[luau] NEWS: GeekPAC seeking Volunteers and Donations
Warren Togami
warren at togami.com
Wed Apr 17 02:49:29 PDT 2002
This is a follow-up about GeekPAC mentioned a few days ago. This is OUR
CHANCE to make a strong political action group that represents us in
Washington D.C. The big corporations have the money and lobbyists to
influence legislators. This group exists to organize our political side
and perhaps eventually lobby too.
I personally plan on donating several hundred dollars when they begin to
accept donations. Please join me with your backing so that this can
stand a chance of becoming a strong national political group.
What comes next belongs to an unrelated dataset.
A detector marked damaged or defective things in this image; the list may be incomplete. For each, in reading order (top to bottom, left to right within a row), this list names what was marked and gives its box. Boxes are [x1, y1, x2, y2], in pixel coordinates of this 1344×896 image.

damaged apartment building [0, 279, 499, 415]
http://newsforge.com/newsforge/02/04/15/1951200.shtml
by Grant Gross
The American Open Technology Consortium, the geek lobbying organization
that began getting media attention last week, has raised nearly $30,000
in pledges without really asking for them yet, and organizers are
thinking about splitting the group in two comply with U.S. political
action committee rules.
Organizer Jeff Gerhardt, host of the Linux Show, has revised the
group's position statement since news of the AOTC's pending launch was
first reported on NewsForge April 8. The goal of the AOTC itself, which
organizers hope to create as a charitable organization, would to educate
the public and politicians about issues near and dear to Open Source
advocates and Internet users at large. The second organization, the
proposed GeekPAC, would be a more traditional political action
committee, with its focus on directly impacting the outcome of elections
and legislation. GeekPAC wouldn't accept corporate donations, while AOTC
would.
"So far, in conversations with lawyers, the dual organization structure
proposed in the latest proposed Position Statement ... has passed basic
legal muster," Gerhardt says. "So we are now interviewing lawyers for
the task of creating documentation on the PAC."
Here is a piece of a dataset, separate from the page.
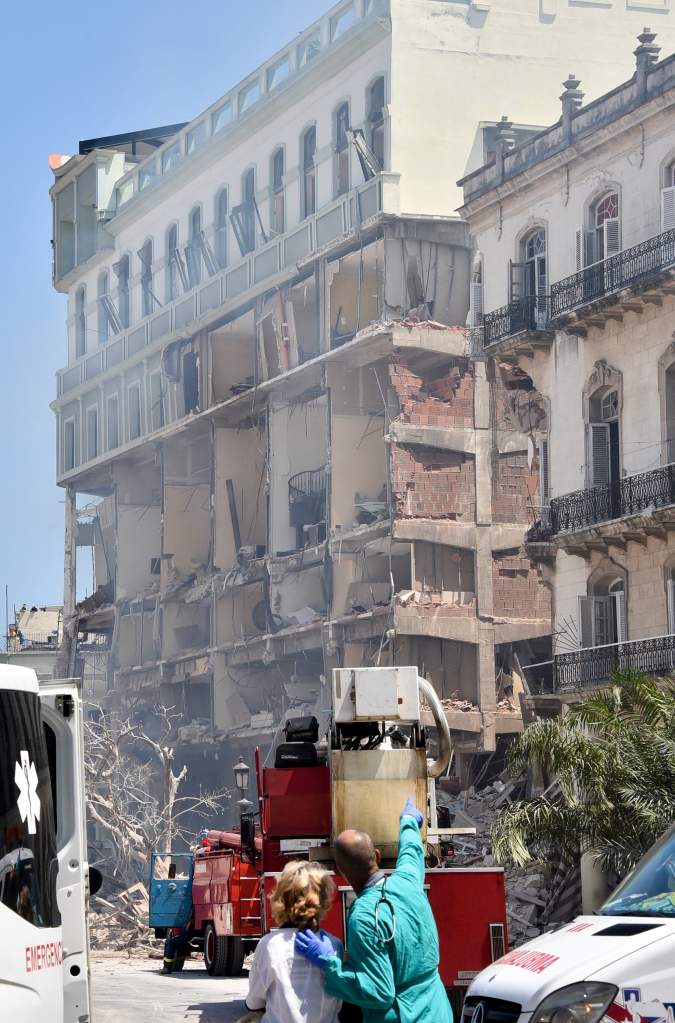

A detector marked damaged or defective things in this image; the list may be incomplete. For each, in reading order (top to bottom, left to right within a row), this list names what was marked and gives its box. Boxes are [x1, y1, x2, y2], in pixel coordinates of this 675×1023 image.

damaged building facade [50, 0, 675, 789]
damaged building facade [462, 31, 675, 703]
Also announced today was the group's first board member, veteran Open
Source advocate Eric Raymond, with more to follow in the coming weeks.
"We are announcing Eric first, because he is helping craft the language
of our documents, and I think people ought to know that we are not doing
this alone," Gerhardt says. "We are using some of the best geek minds in
the world. "
In the meantime, AOTC would use more help to get launched, Gerhardt
says. Although "we have had several hundred people pledge in spirit both
volunteer sweat equity and cash" once the group launches, to the tune of
nearly $30,000, an angel investor would help the group take its first
steps, he says.
"The problem is, when we pick the law firm, we need seed money to get
the process in motion," he writes in an email to a couple of Web
journalists today. "It will be way 'cleaner' if we can find an angel do
donate $5,000 to $10,000 to get the ball rolling. It will be way easier
to do this (legally), by getting all the money from a single source,
rather than by pushing the edge of the legal envelope, starting to do a
general fund raiser BEFORE the papers are filed. So guys, the bottom
line is: we need an angel. If you know of any dot com millionaires that
have not been wiped out yet -- or any other folks whose largesse might
be attracted to our mission here, please spread the word."
Organizers Gerhardt and Doc Searls of Linux Journal are also looking
for two teams of volunteer Web developers to build sites for AOTC.info
and GeekPac.org, both of which Gerhardt hopes to launch this week.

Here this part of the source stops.